Ein großer Unterschied besteht zwischen Wilhelmshaven und Freiburg: Freiburg ist eine altehrwürdige Universitätsstadt, und wissenschaftliches Arbeiten ist dort viel mehr Leuten geläufig als hier. Und so hat der „RUNDE TISCH“ eine fundierte Untersuchung zu den tatsächlichen Freiburger Mieten durchgeführt.
Aber davon kann man ja lernen. In der ALI-Monatsversammlung November regte Werner Ahrens an, dass ALI-Mitglieder einen Arbeitskreis bilden, die nach dem Freiburger Vorbild das Mietpreisniveau in Wilhelmshaven ermittelt.
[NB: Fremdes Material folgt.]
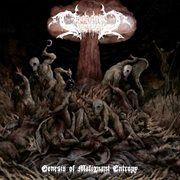 Genesis of Malignant Entropy cover image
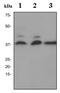 Serine protease HTRA2, mitochondrial antibody, ab75982, Abcam, Western Blot image 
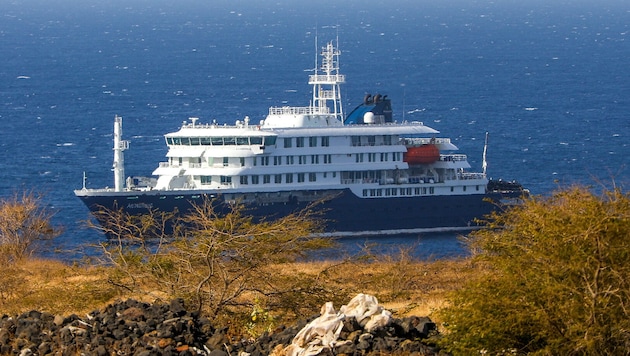 Nach dem Hantavirus-Ausbruch auf einem Kreuzfahrtschiff sitzen die 88 Passagierinnen und ...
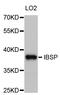 Integrin Binding Sialoprotein antibody, abx126940, Abbexa, Western Blot image 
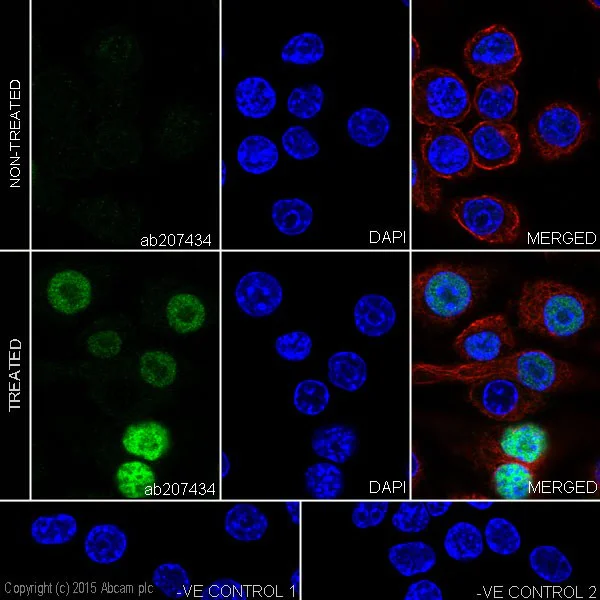Immunocytochemistry/ Immunofluorescence - Anti-ATF3 antibody [EPR19488] - BSA and Azide free (AB232375)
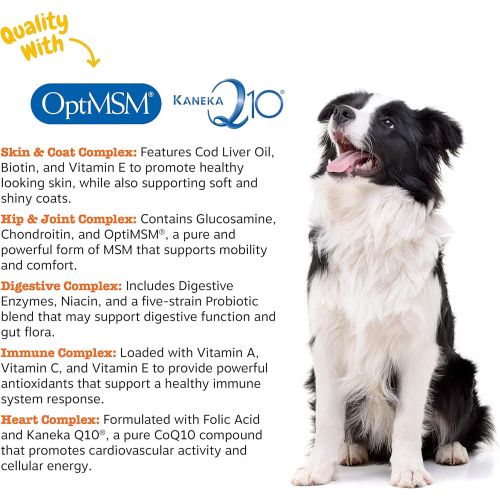  [아마존 핫딜] [아마존핫딜]Zesty Paws Multivitamin Treats for Dogs - Glucosamine Chondroitin for Joint Support + Digestive Enzymes & Probiotics - Grain Free Dog Vitamin for Skin & Coat + Immune Health - Chic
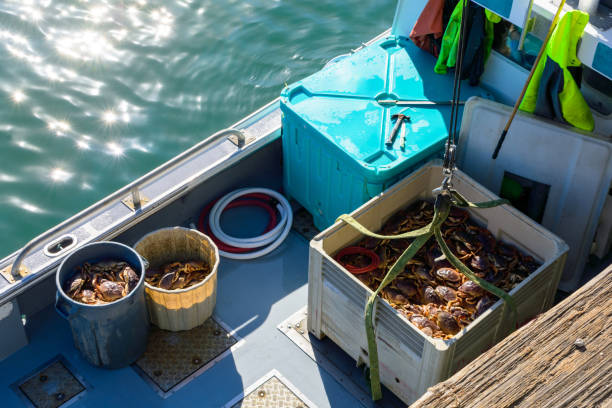 istock Harvested Dungeness crabs in a crate and buckets on a boat deck 2199265982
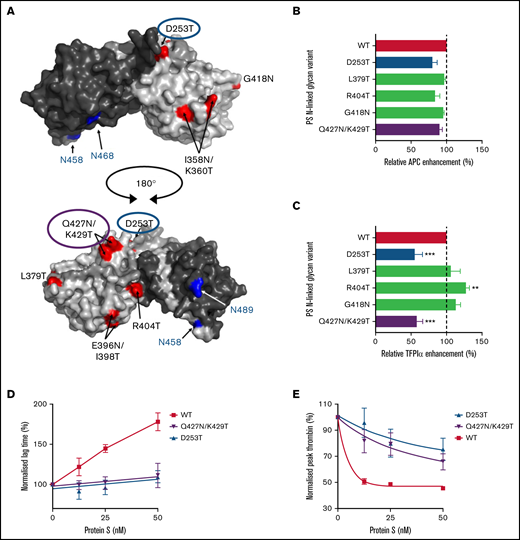 APC and TFPI cofactor function of N-linked glycan protein S variants determined using CAT. (A) Spatial distribution of amino acids which were substituted to obtain additional N-linked glycosylations in the protein S SHBG-like region are highlighted in red. Naturally occurring N-linked glycolysations are highlighted in blue. The model of the SHBG-like region is adapted from Villoutreix et al.42 (B-E) The generated variants were investigated for their abilities to function as cofactors for APC (B) or TFPIα (C-E) using CAT. For this, thrombin generation was initiated by 1 pM TF in protein S-depleted plasma supplemented with 50 μM phospholipids. (B) Screening assay for thrombin generation quantified in plasma supplemented with 9 nM APC in the presence or absence of 50 nM WT or variant protein S. The relative APC enhancement by the protein S variants were determined as the reduction in thrombin peak height compared with that of WT protein S. The decrease in peak height in the presence of WT protein S compared with APC alone was set as 100%. (C) Screening assay for TFPI cofactor function of the protein S variants, using thrombin generation measured in plasma supplemented with 1 nM TFPIα in the presence or absence of 50 nM WT or variant protein S. The relative enhancement of TFPIα was calculated as that of APC above. Here, the decrease in peak height in the presence of both WT protein S and TFPIα compared with that caused by TFPIα alone was set as 100%. (D-E) Titrations of TFPI cofactor function were performed for WT protein S, protein S D253T, and Q427N/K429T (0-50 nM), and the normalized lag times (D) and peak thrombin (E) were plotted against protein S concentration. The peak height and lag time observed in the presence of TFPIα alone represents 100%. The results are presented as mean ± SEM (n = 3-6). PS, protein S.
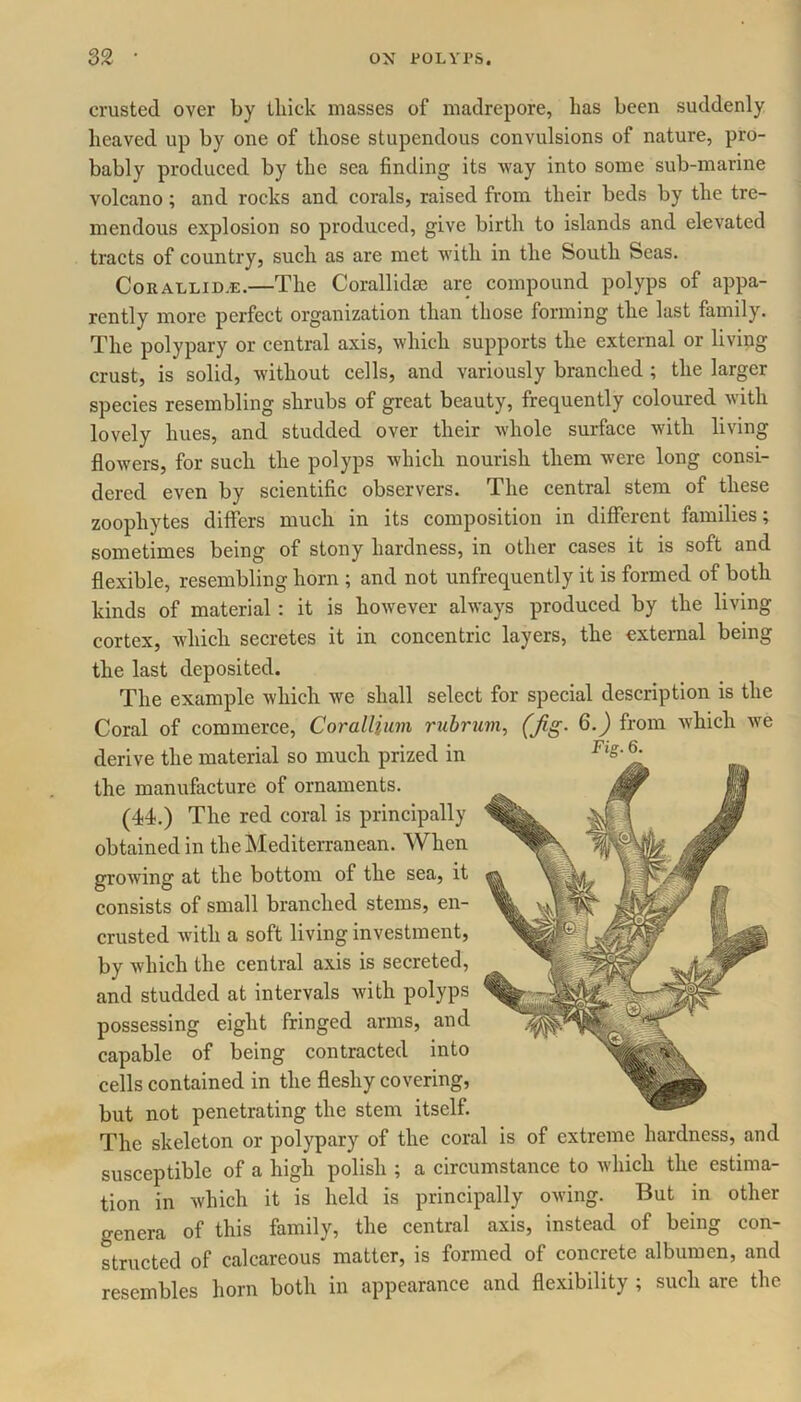 crusted over by thick masses of madrepore, has been suddenly heaved up by one of those stupendous convulsions of nature, pro- bably produced by the sea finding its way into some sub-marine volcano; and rocks and corals, raised from their beds by the tre- mendous explosion so produced, give birth to islands and elevated tracts of country, such as are met with in the South Seas. Corallid.e.—The Corallidse are compound polyps of appa- rently more perfect organization than those forming the last family. The polypary or central axis, which supports the external or living crust, is solid, without cells, and variously branched ; the larger species resembling shrubs of great beauty, frequently coloured with lovely hues, and studded over their whole surface with living flowers, for such the polyps which nourish them were long consi- dered even by scientific observers. The central stem of these zoophytes differs much in its composition in different families; sometimes being of stony hardness, in other cases it is soft and flexible, resembling horn ; and not unfrequently it is formed of both kinds of material: it is however always produced by the living cortex, which secretes it in concentric layers, the external being the last deposited. The example which we shall select for special description is the Coral of commerce, Corallium rubrum, (Jig. 6.) from which we derive the material so much prized in the manufacture of ornaments. (44.) The red coral is principally obtained in the Mediterranean. When growing at the bottom of the sea, it consists of small branched stems, en- crusted with a soft living investment, by which the central axis is secreted, and studded at intervals with polyps possessing eight fringed arms, and capable of being contracted into cells contained in the fleshy covering, but not penetrating the stem itself. The skeleton or polypary of the coral is of extreme hardness, and susceptible of a high polish ; a circumstance to which the estima- tion in which it is held is principally owing. But in other genera of this family, the central axis, instead of being con- structed of calcareous matter, is formed of concrete albumen, and resembles horn both in appearance and flexibility ; such are the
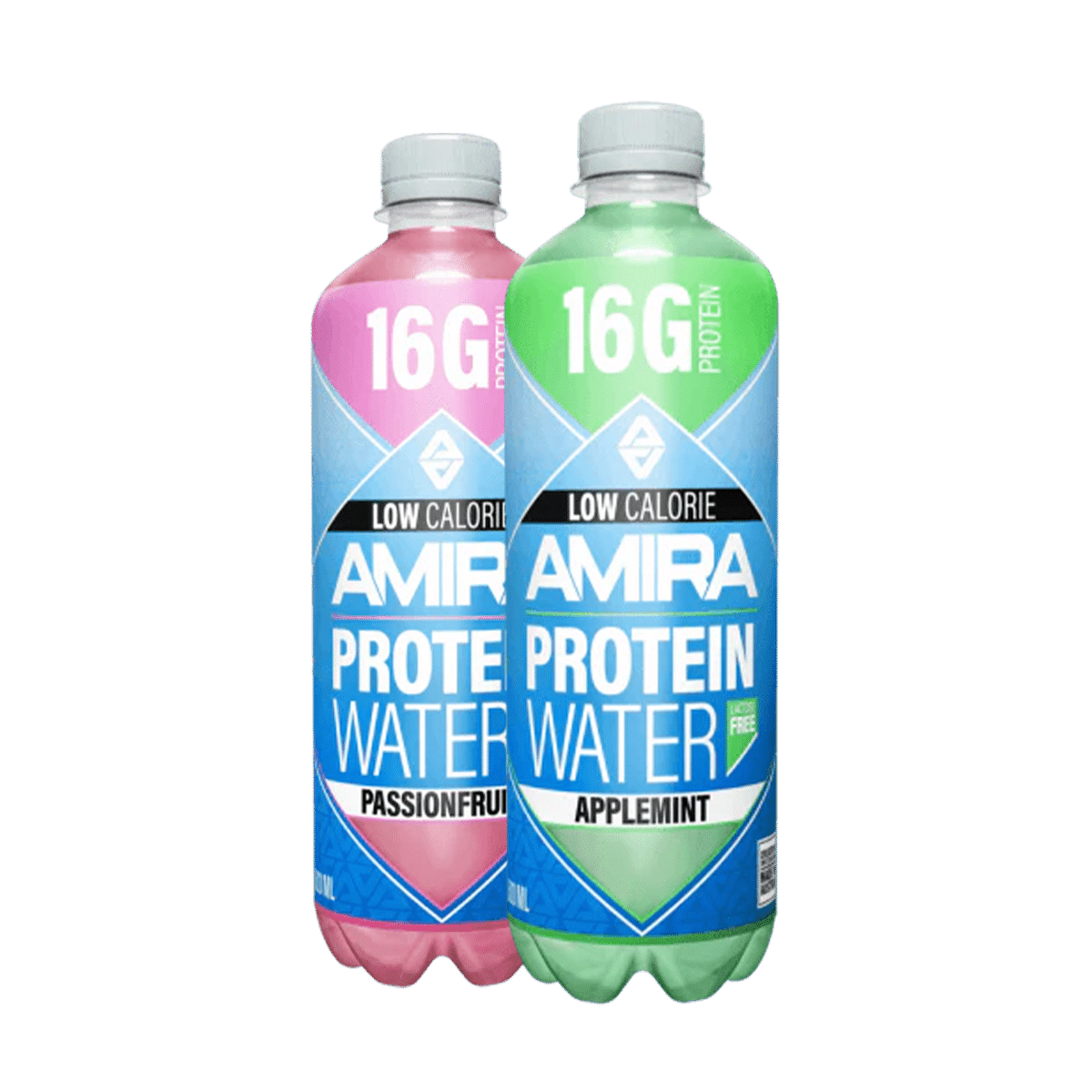 AMIRA - Protein Water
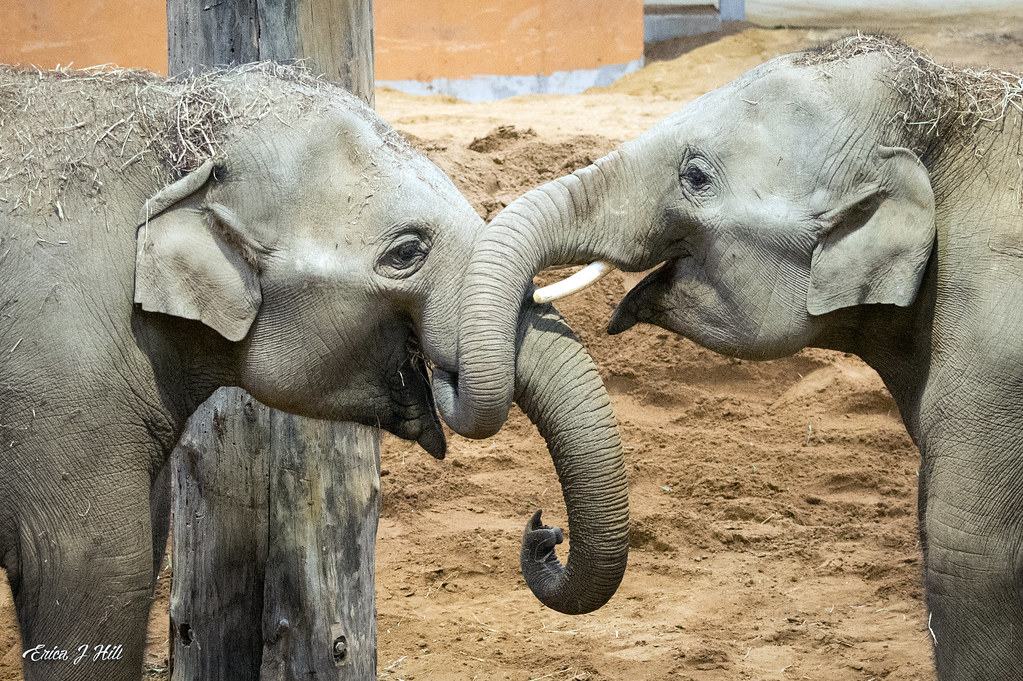 The world’s first mRNA vaccine against Elephant Endotheliotropic Herpesvirus (EEHV), created by Baylor College of Medicine &amp; the Houston Zoo, appears to be effective! Sanjay &amp; Kabir, 2 young elephants who were vaccinated &amp; later tested positive for EEHV, are now negative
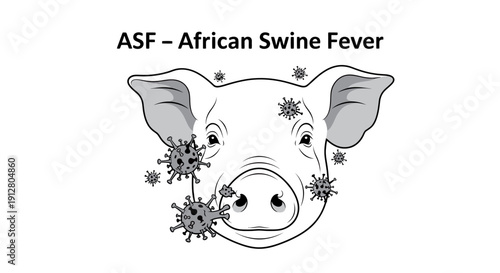 African Swine Fever (ASF) virus illustration with pig head, depicting viral infection in livestock and swine industry.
Die Werkzeuge dafür sind dieselben, die die Stadt Wilhelmshaven als Partner der Arbeitsagentur in der ARGE auch benutzt. Es sind Wohnungsanzeigen in der lokalen Presse. Das entspricht auch der Situation eines Arbeitslosen, der alle ihm zugänglichen Medien nutzt. Die Freiburger haben sie drei Monate lang ausgewertet. Dieser Zeitraum „wurde im Sinne aussagekräftiger Ergebnisse gewählt; er ist angesichts des Zeitdrucks, dem sich ein Erwerbsloser ausgesetzt fühlt, eigentlich eher zu lang angesetzt.“ Wenn man aber auf Ergebnisse aus ist, die Hand und Fuß haben und die z.B. vor Gericht oder bei Behörden bestehen können, muss man schon gründlich arbeiten.
Am 2. Januar trifft sich die Gruppe um 10 Uhr
im Gewerkschaftshaus (Weserstraße 51).